Once you find the line with "beverly.johnson tweet media", output it and every line after it exactly, through the last line of the listing, but no pictures.

**Data:**

========================================

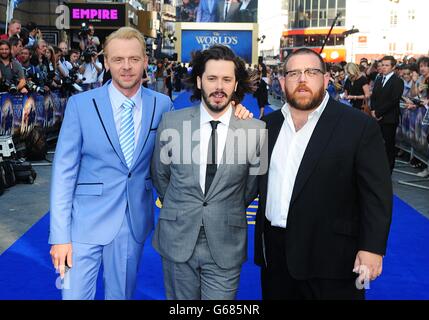 Simon Pegg, Edgar Wright und Nick Frost kommen zur Weltpremiere von The World's End am Empire Leicester Square in London. Stockfoto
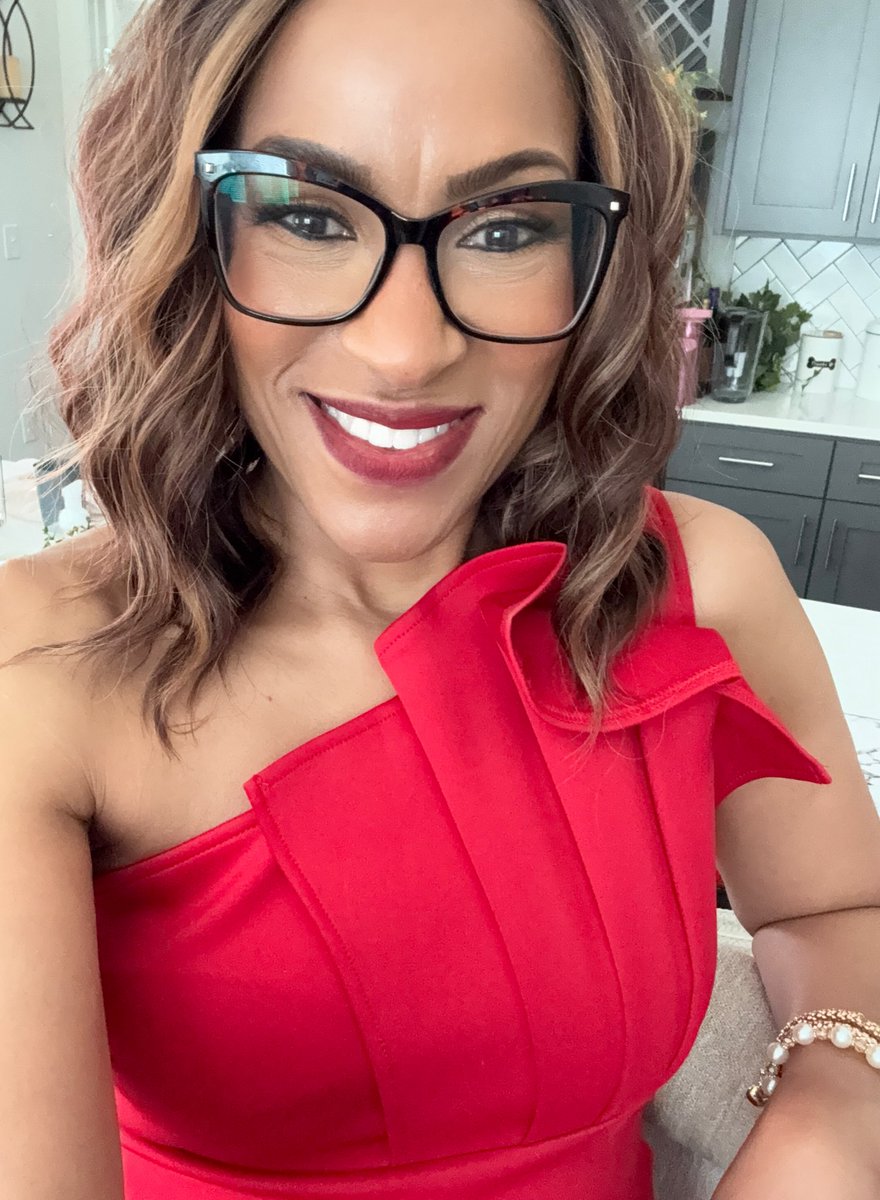 beverly.johnson tweet media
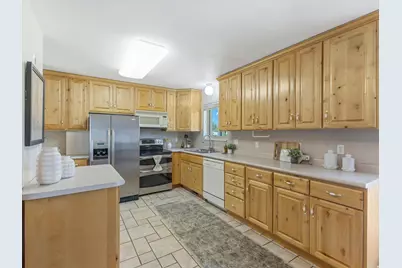 1489 E Verde Cir S, Sandy, UT 84093 - Photo 10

========================================

**Solution for this exercise:**
 beverly.johnson tweet media
 1489 E Verde Cir S, Sandy, UT 84093 - Photo 10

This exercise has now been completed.